Gacela, c'est un mot espagnol qui en français se traduit par "gazelle". Sinon, j'ai l'impression que ça doit désigner un genre poétique typique dont je ne sais rien parce que et puis voilà.

Le "magnolia sombre de ton ventre", voilà une image jolie, qui frappe l'oeil que l'on se trimbale dans la tête et qui coupe dans le réel avec des ciseaux à faire des noeuds.

L'érotisme qu'il y a à "martyriser un colibri d'amour entre ses dents", c'est que la demoiselle est belle oiselle, je dis demoiselle, mais mûre marida peut-être, ou même damoiseau beau oiseau, vu qu'il me semble bien que Garcia Lorca était homosexuel.

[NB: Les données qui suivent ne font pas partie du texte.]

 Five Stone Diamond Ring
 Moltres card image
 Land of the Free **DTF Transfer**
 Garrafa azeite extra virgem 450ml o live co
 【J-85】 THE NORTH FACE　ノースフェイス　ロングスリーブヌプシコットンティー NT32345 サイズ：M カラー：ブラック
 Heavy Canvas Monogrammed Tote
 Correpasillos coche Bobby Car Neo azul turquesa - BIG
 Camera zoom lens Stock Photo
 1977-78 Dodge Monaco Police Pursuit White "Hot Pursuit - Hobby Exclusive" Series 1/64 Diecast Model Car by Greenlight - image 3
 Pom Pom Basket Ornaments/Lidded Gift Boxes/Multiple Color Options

Si sur le front de la personne, s'endorment mille petits chevaux perses, on peut rêver des miniatures alors, des miniatures persanes, de ces décors de contes et légendes, mille et une nuits et tout ce qu'évoque pour nous l'Orient mystérieux, fabuleux, avec des astrologues à barbe pointue dans de très hautes tours et qui regardent passer des croissants de lune. C'est bien kitch - comme j'en ai marre de pas me rappeler s'il y a un "s" entre "t" et "ch", je mets plus de "s", de toute façon, c'est plus élégant ainsi - bien kitch ce que je raconte, mais ça m'amuse, ce genre d'illustration.

Le poème de Garcia Lorca évoque aussi sa taille, à l'aimé(e), "ennemie de la neige". J'aime bien, je vous cite :

"tandis que moi, quatre nuits, j'enlaçais
ta taille, ennemie de la neige."
(Garcia Lorca, Gacela de l'amour imprévu)

Chaud donc le "ta taille", et pas blanc non plus si ça se trouve.

Il est question aussi de "jasmins" : magnolia, jasmins, puis le regard "bouquet pâle de semences", il est tombé amoureux d'un(e) horticulteur-cultrice, ou quoi ? En tout cas, comme beaucoup de poètes tels qu'on les lit dans les poèmes, il ne sait pas trop où il a mis tout ça qui fait sa vie (ses clés, sa carte d'identité, ses deux sous de bon sens) et il cherche dans son coeur des lettres d'ivoire qui disent toujours, toujours, toujours. Voyez comme il se répète, c'est pour mieux se fasciner, mon enfant, et puis parce que ça fait très amoureux de dire ça "Je t'aimerai toujours, toujours, toujours". C'est de la convention, on y croit le temps d'un toujours ça de pris et puis on passe à autre chose (faut refaire ses clés, ses papiers d'identité, reprendre conscience).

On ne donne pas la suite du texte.